> [Task description]:
Please copy the lines below, exactly as they are, from the one with "Chic Drawstring Straight-Leg" through the one with "KRAVIT Premier Suites", and leave out the pictures.

> [The records]:
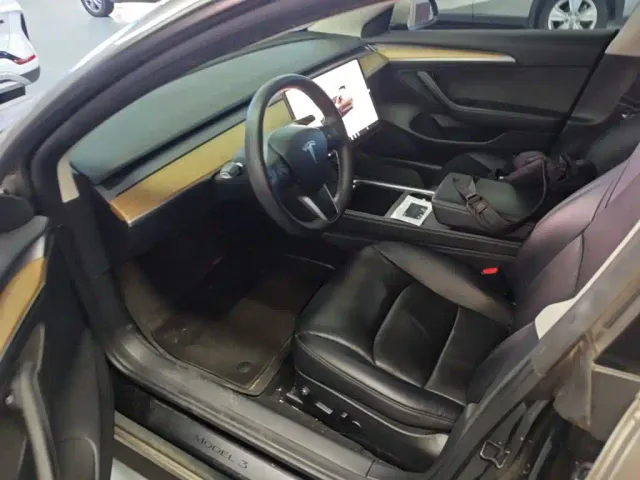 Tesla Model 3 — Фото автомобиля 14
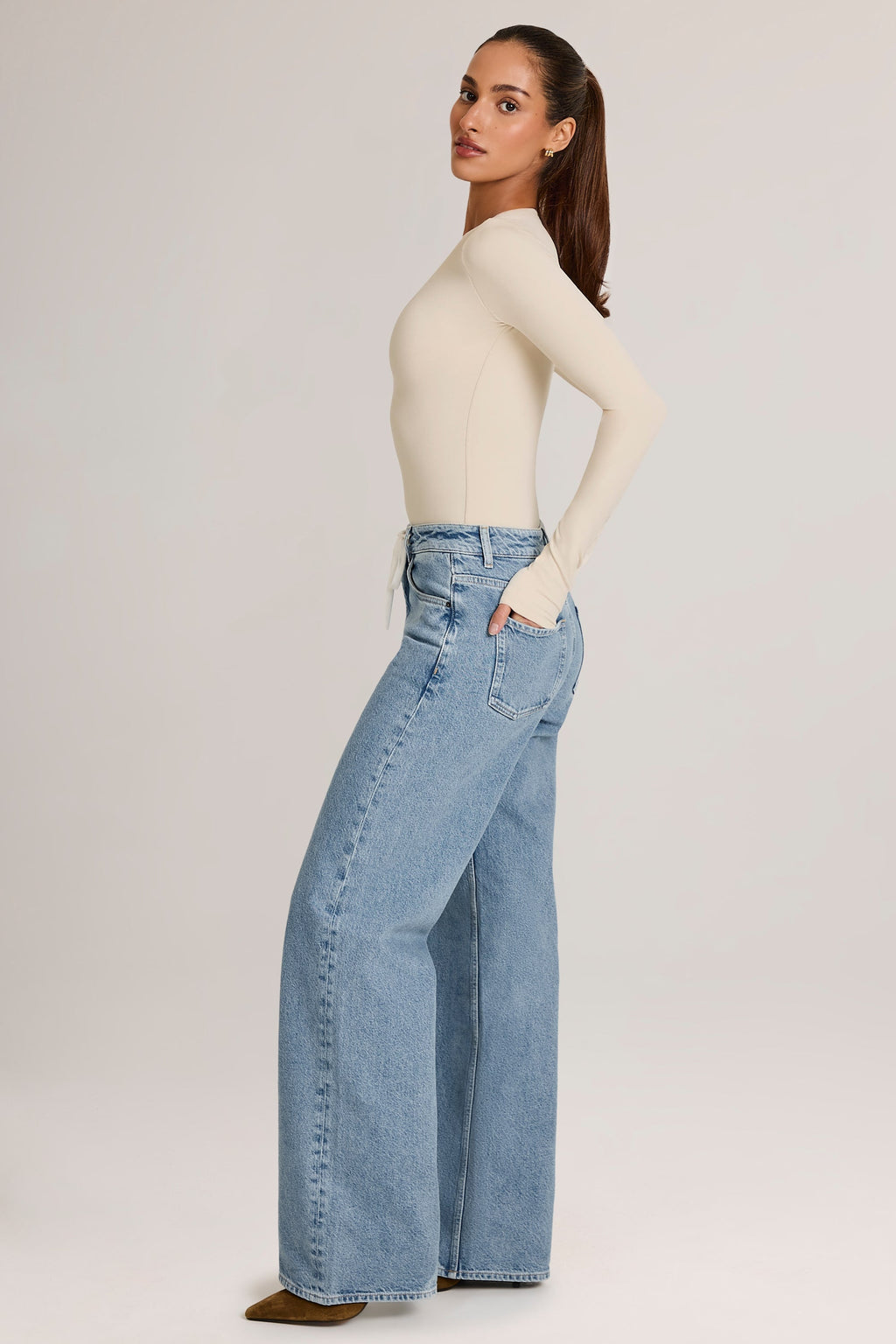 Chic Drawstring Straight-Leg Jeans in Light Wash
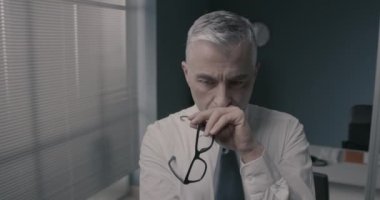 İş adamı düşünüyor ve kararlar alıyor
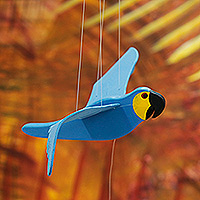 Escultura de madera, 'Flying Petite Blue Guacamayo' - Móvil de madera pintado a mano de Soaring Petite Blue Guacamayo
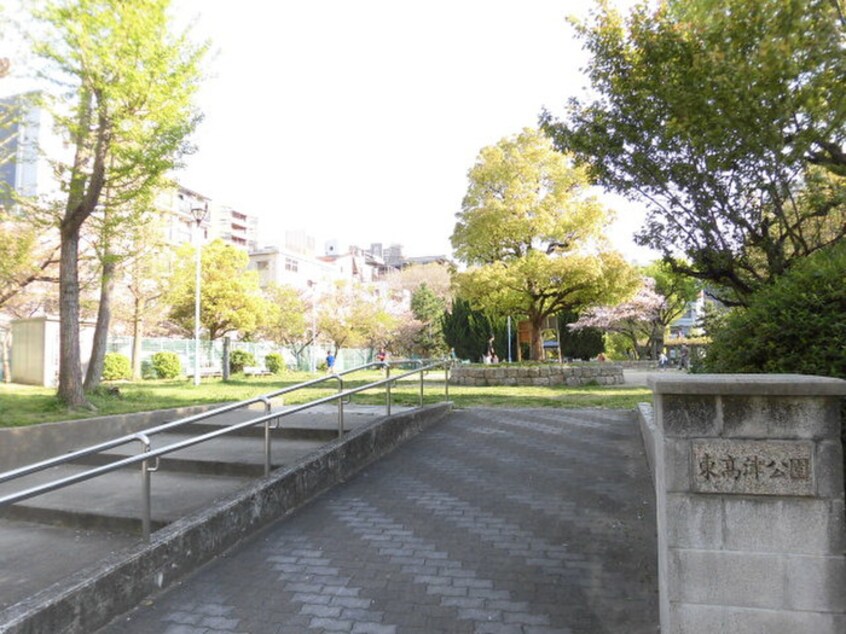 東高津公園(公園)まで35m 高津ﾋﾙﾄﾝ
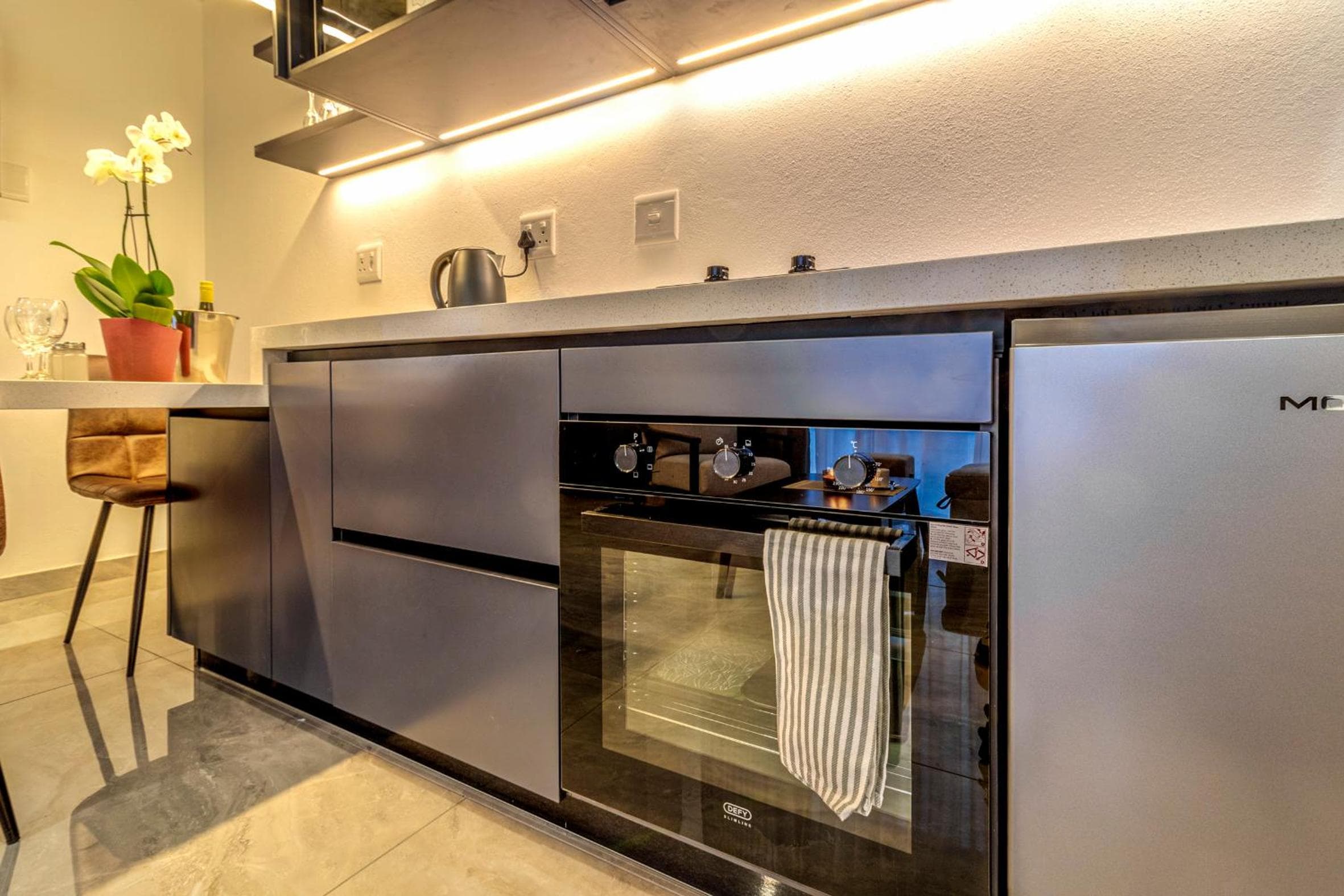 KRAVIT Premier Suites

...

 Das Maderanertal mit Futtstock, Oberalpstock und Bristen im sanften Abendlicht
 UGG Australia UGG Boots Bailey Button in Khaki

...

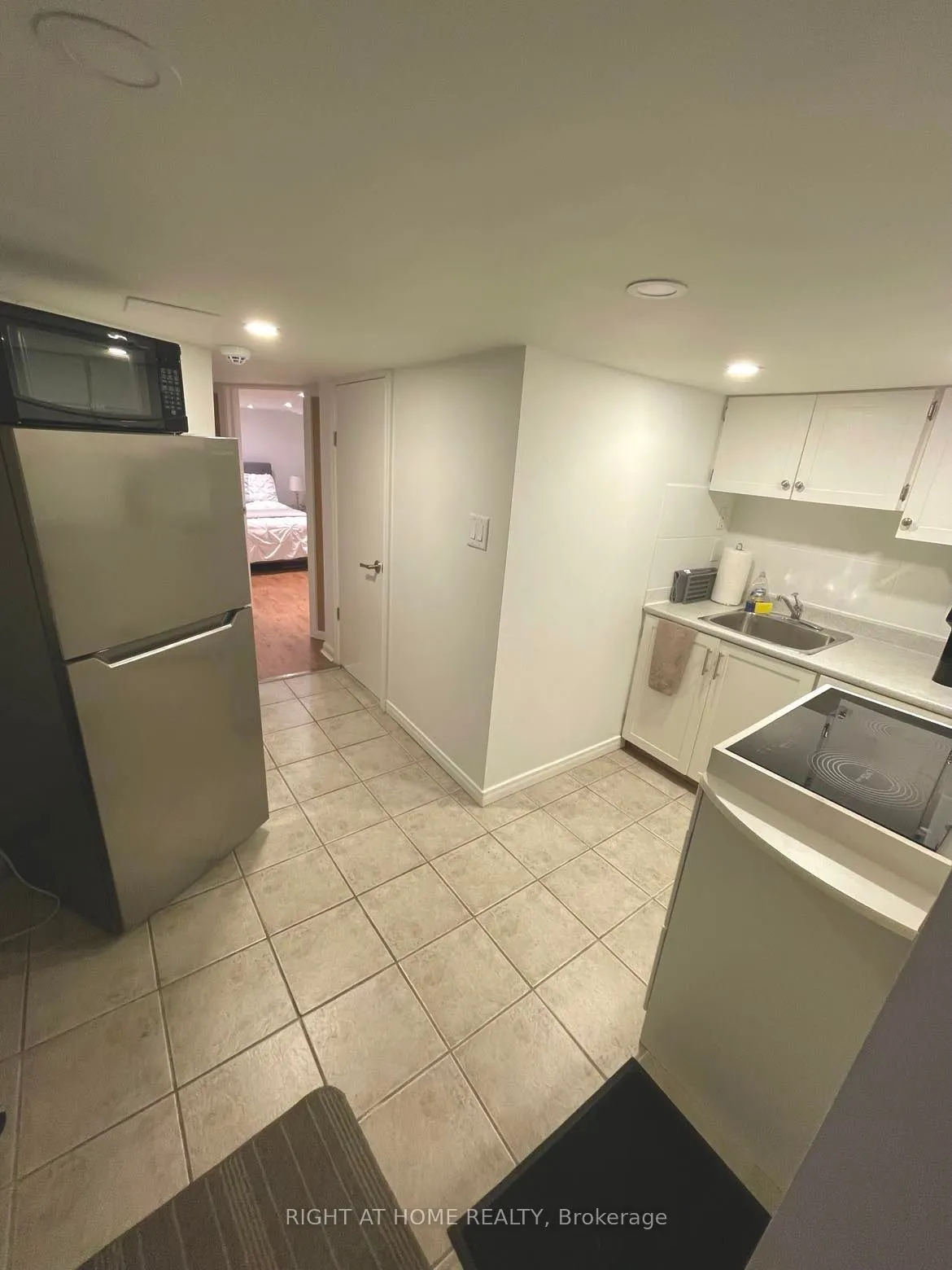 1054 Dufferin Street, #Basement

> [Written response]:
 Chic Drawstring Straight-Leg Jeans in Light Wash
 İş adamı düşünüyor ve kararlar alıyor
 Escultura de madera, 'Flying Petite Blue Guacamayo' - Móvil de madera pintado a mano de Soaring Petite Blue Guacamayo
 東高津公園(公園)まで35m 高津ﾋﾙﾄﾝ
 KRAVIT Premier Suites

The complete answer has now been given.